See post 60: the reason for this is the driver was not convicted for causing the collision.


----------



## Col5632 (17 Jan 2013)

Bloody disgraceful, my thoughts are with all who knew the boy, as others have said there was almost no point in getting a fine at all


----------



## mrandmrspoves (17 Jan 2013)

I fully appreciate everyone's outrage at this but don't see it as simply ss £35 being the price for a life. What would a more harsh sentence achieve? It would not bring the young lad backs -nor would it act as a deterrent to stop similar accidents. I know many will find my view infuriating but the driver appears to have suffered enough already. Inflicting more pain on him will do little to diminish the pain that the bereaved family are goinh through.
I do feel very qualified to make these comments as when I was 17 my Grandfather and I were hit by a car while we were out cycling. He was killed and I escaped with a smashed knee. As I was the surviving victim the police asked me whether I wanted them to pursue charges against the motorist. I chose not too. I have never regretted the decision. Revenge causes more pain than forgiveness. My thoughts and condolences are with all who have been affected by this.


----------



## glenn forger (17 Jan 2013)

mrandmrspoves said:


> -nor would it act as a deterrent to stop similar accidents. .


 
Fining a driver £35 for killing a cyclist send a very clear message that cyclists' lives are worthless. Sentences should be a deterrent. This is no deterrent whatsoever.


----------



## mrandmrspoves (17 Jan 2013)

glenn forger said:


> Fining a driver £35 for killing a cyclist send a very clear message that cyclists' lives are worthless. Sentences should be a deterrent. This is no deterrent whatsoever.

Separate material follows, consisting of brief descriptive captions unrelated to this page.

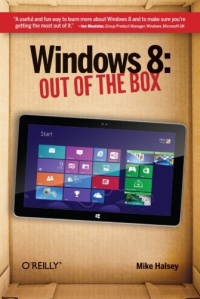 Windows 8: Out of the Box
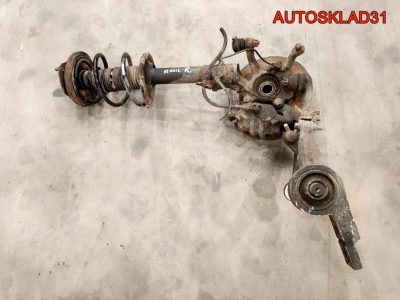 Кулак поворотный передний правый Nissan X-Trail T30 400148H300 - АвтоСклад31.рф - авторазборка контрактные б/у запчасти в г. Белгород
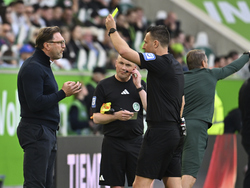 Germany Soccer Bundesliga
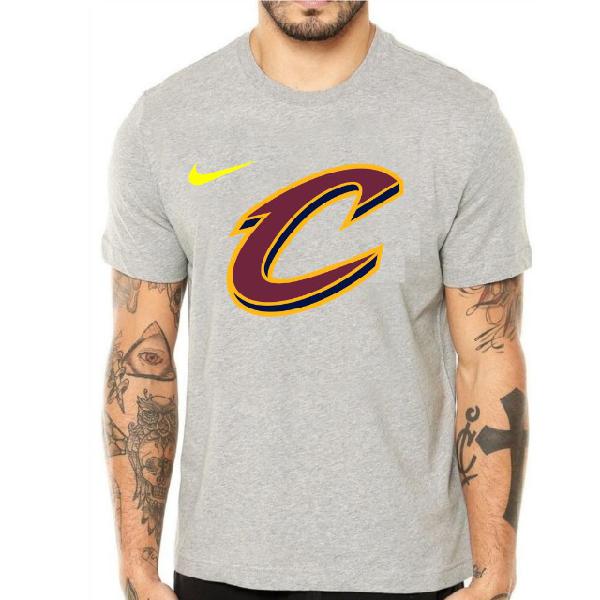 Camiseta Clevland Cavaliers - NBA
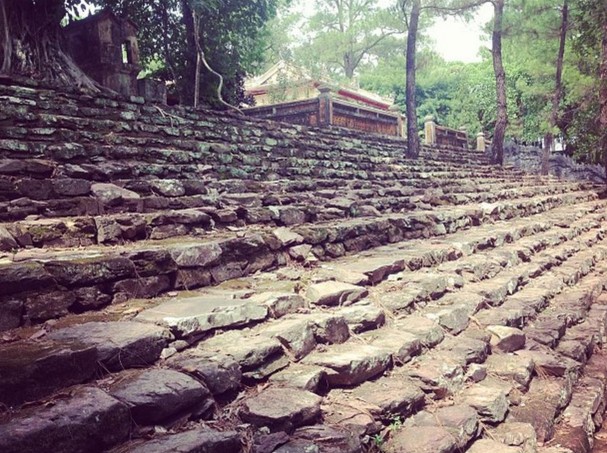 tu duc tomb imperial hue historic maps address opening hours guide hue tourist attractions things to do v32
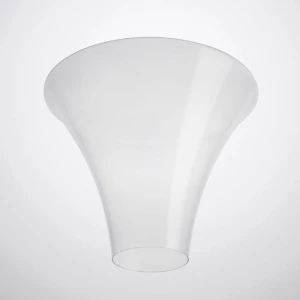 Trilux  7513100  zamjensko staklo  Wanne LTX K  1 St. slika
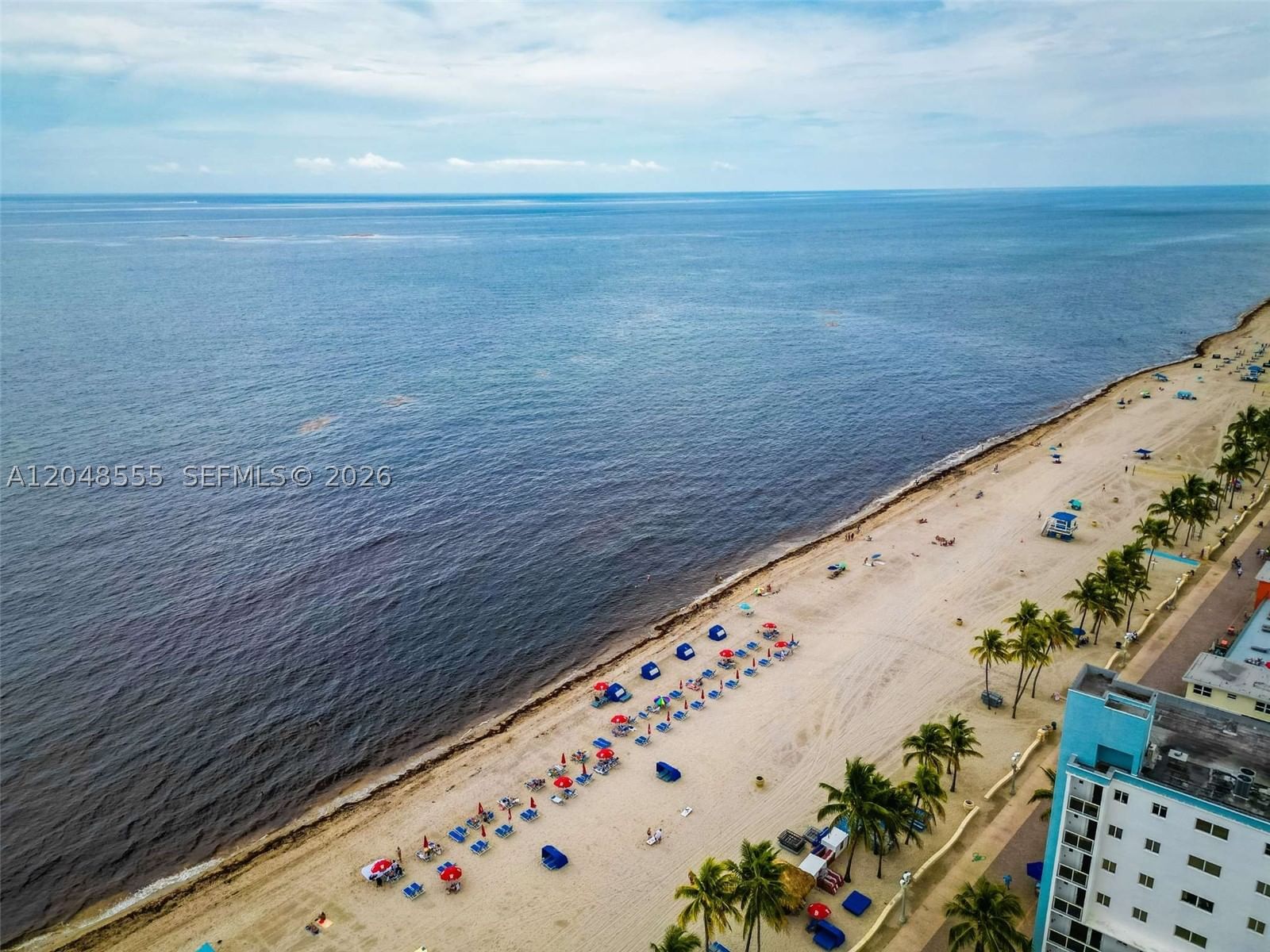 Real estate property located at 322 Buchanan St #703, Broward, Crystal Tower Inc Condo, Hollywood, FL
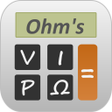 Icono de programa: Ohm's Law Calculator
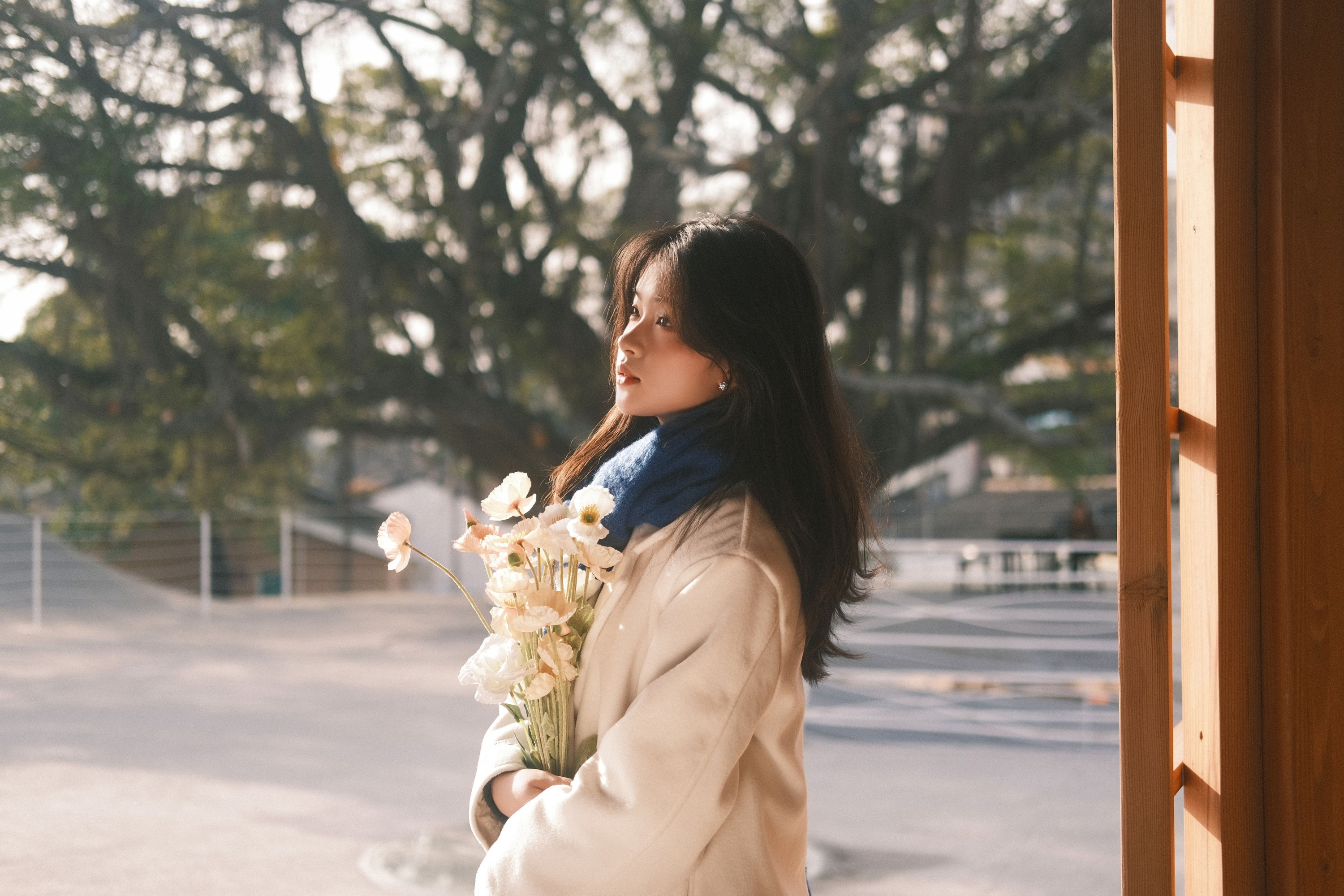 Tozz – 《生活感冬日照》[17P]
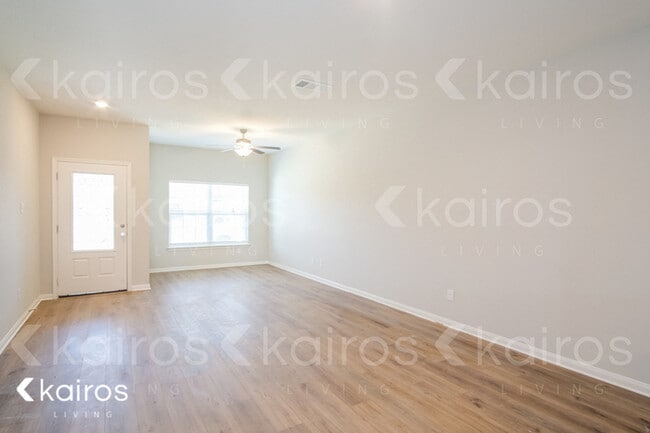 117 Mount Vernon Way in Liberty Hill, TX - Building Photo - Building Photo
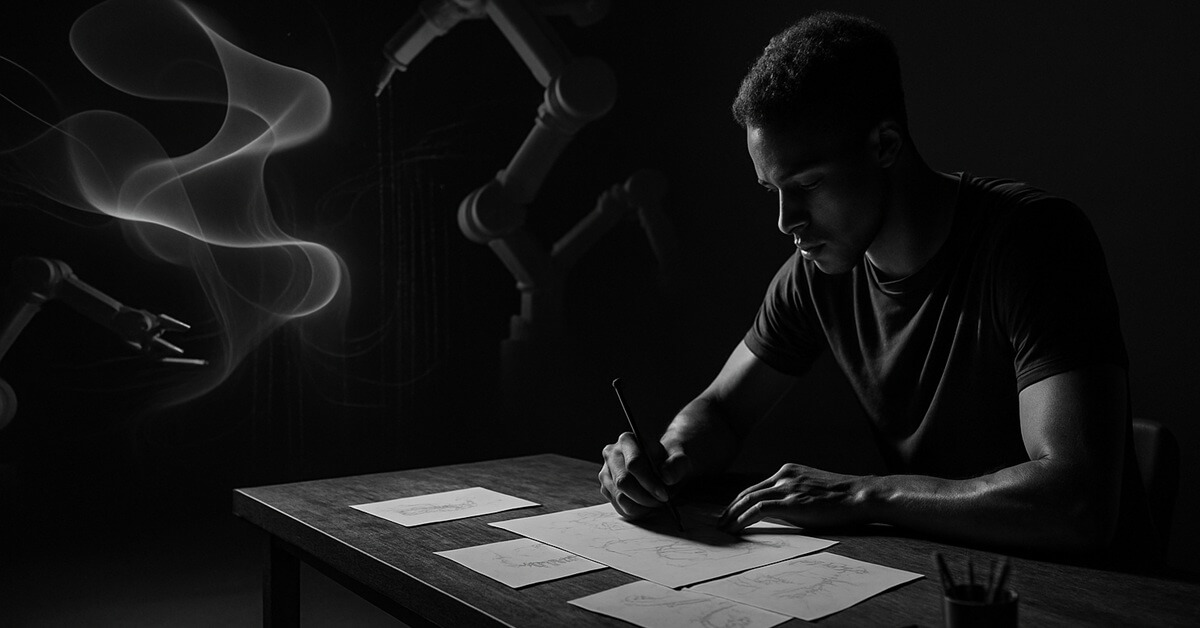 MarTech and the art of standing out in a busy market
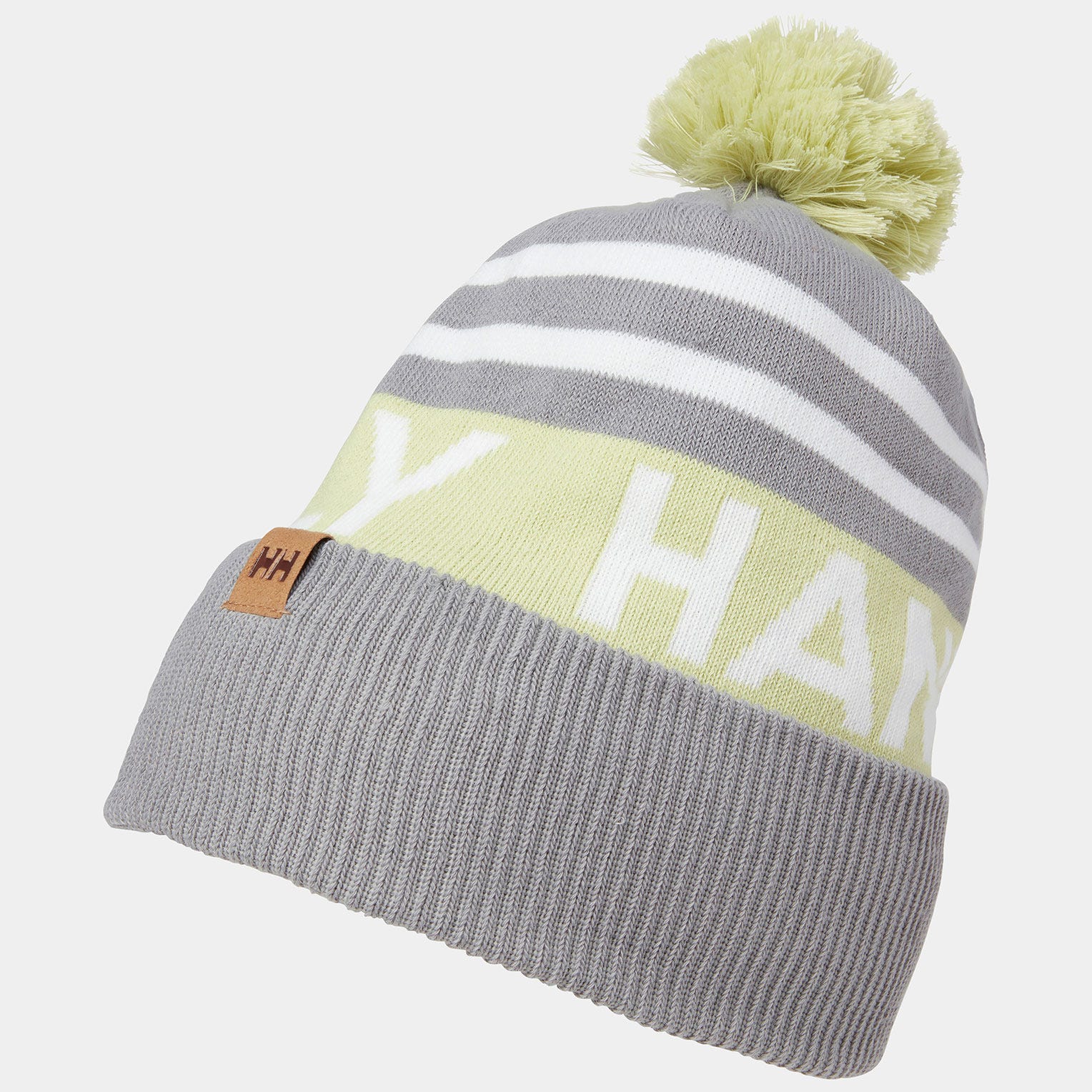 Ridgeline Beanie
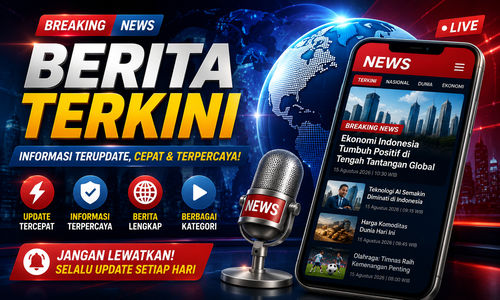 Lifestyle terbaru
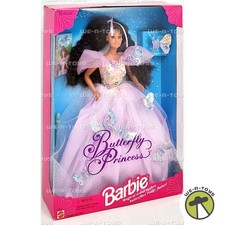 Butterfly Princess Teresa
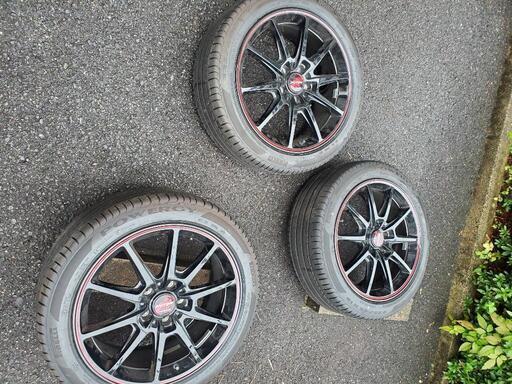 RMP R25 Pirelli Powergy 225 45 R18RMP RUN FLAT P ZERO™ 225/40R18 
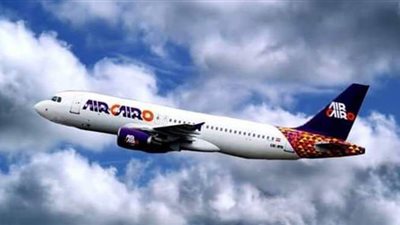 رغم جائحة كورونا: اير كايرو تقلل خسائرها من ٩ مليون دولار إلى ٦ ملايين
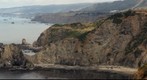 Mendocino Coast, California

Sorry but no sum of money as a fine will deter motorists from driving carelessly, stupidly or downright dangerously.


----------



## Crankarm (18 Jan 2013)

mrandmrspoves said:


> I fully appreciate everyone's outrage at this but don't see it as simply ss £35 being the price for a life. What would a more harsh sentence achieve? It would not bring the young lad backs -nor would it act as a deterrent to stop similar accidents. I know many will find my view infuriating but the driver appears to have suffered enough already. Inflicting more pain on him will do little to diminish the pain that the bereaved family are goinh through.
> I do feel very qualified to make these comments as when I was 17 my Grandfather and I were hit by a car while we were out cycling. He was killed and I escaped with a smashed knee. As I was the surviving victim the police asked me whether I wanted them to pursue charges against the motorist. I chose not too. I have never regretted the decision. Revenge causes more pain than forgiveness. My thoughts and condolences are with all who have been affected by this.


 
I would suggest that your experiences would not generate the same response with others had they experienced the same as you.


----------



## Crankarm (18 Jan 2013)

Back to the instant case this judegement has got to be the most absurd pathetic sentence I have ever read. It is disgracefully lenient. Time to complain to the Attorney General about yet another incompetent judge and Keir Starmer for the idiots at this branch of the CPS. Reps ipsa loquitor - the facts speak for themselves. The driver should be in prison and a very lengthy driving ban commences when he is released. Poor lad he was so young. Run down and the State does f**k all to the driver who did it. I would have happily gone to court to call the Prosecutor and judge incompetent halfwits for the satisfaction it would bring for standing up for decency and common sense for the family and the memory of this dead lad. Shameful result. 35 bloody quid - a total insult!


----------



## glenn forger (18 Jan 2013)

mrandmrspoves said:


> Sorry but no sum of money as a fine will deter motorists from driving carelessly, stupidly or downright dangerously.


 
You ever cycled in countries that have Presumed Liability?


----------



## kedab (18 Jan 2013)

heartfelt condolences to the the family and those that knew him - 20 is not a life lived, it was barely begun...and that 'punishment'? no words can describe how i feel about that


----------



## Trail Child (18 Jan 2013)

This is all so sad ....


----------



## downfader (18 Jan 2013)

mrandmrspoves said:


> Sorry but no sum of money as a fine will deter motorists from driving carelessly, stupidly or downright dangerously.


 
But it would price/remove the incompetent and reckless off the road. Would you apply the same logic to an airline pilot that "made a mistake" and killed hundreds? Or a caterer that poisoned people through negligence in their hygiene practice?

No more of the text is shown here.